(Bloomberg) -- While Keir Starmer’s Labour Party made a “strong start” engaging with business, the UK is being held back by an aversion to risk when it comes to deploying money from pension funds, said JPMorgan Chase & Co. asset-management executive Patrick Thomson.
The UK has done an “amazing job” attracting international capital, said Thomson, chief executive officer for Europe, the Middle East and Africa at JPMorgan’s asset-management unit. Still, the country must seize the opportunity to fix pension funds’ low rate of investment in UK equities, he said Thursday in a Bloomberg Television interview.
“We have £1.4 trillion of defined benefit pension fund money,” Thomson said. “If you could consolidate that, you get more scale, you get more investment shared risk and more investment in productive finance.” He said the UK has “much more to do” to unlock that investment capital.

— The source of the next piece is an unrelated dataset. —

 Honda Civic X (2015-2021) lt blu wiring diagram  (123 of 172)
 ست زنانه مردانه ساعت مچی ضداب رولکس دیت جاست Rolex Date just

Pension reform was outlined as part of Prime Minister Starmer’s legislative agenda during the King’s Speech last week, and Chancellor Rachel Reeves sees pension reform as a key part of her plan to unlock growth in the UK. The Treasury said over the weekend that it’s launching a review of the industry with the aim of driving investment into parts of the domestic economy that deliver growth, including considering the benefits of consolidating UK pension funds.
Thomson pointed to Canada and Holland as examples of places where scale has been used to get better pricing.
“All things being equal,” he said, “you generally get a better outcome for the retiree.”
Reforming how UK pension funds invest has long been seen as key to revitalizing the the country’s sluggish capital markets. A report published last year showed that UK pension funds have drastically cut their exposure to equities in their home market over the past 25 years, removing roughly £400 billion of demand.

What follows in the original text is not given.